- _BRIEF_:
Output must match the data below exactly from its first line through the line that contains "L Methylfolate 15", with no other line.

- _STUDY MATERIAL_:
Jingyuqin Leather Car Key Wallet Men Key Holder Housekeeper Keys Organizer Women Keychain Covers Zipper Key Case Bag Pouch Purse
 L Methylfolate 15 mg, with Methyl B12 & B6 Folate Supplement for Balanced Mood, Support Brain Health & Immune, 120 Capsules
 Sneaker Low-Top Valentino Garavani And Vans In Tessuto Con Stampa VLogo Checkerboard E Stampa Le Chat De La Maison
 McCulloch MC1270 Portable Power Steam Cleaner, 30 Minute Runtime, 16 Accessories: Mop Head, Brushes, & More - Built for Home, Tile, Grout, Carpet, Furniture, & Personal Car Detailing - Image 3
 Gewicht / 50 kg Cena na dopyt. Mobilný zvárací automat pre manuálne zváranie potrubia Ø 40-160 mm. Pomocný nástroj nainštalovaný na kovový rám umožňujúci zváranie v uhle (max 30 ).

- _REPLY_:
Jingyuqin Leather Car Key Wallet Men Key Holder Housekeeper Keys Organizer Women Keychain Covers Zipper Key Case Bag Pouch Purse
 L Methylfolate 15 mg, with Methyl B12 & B6 Folate Supplement for Balanced Mood, Support Brain Health & Immune, 120 Capsules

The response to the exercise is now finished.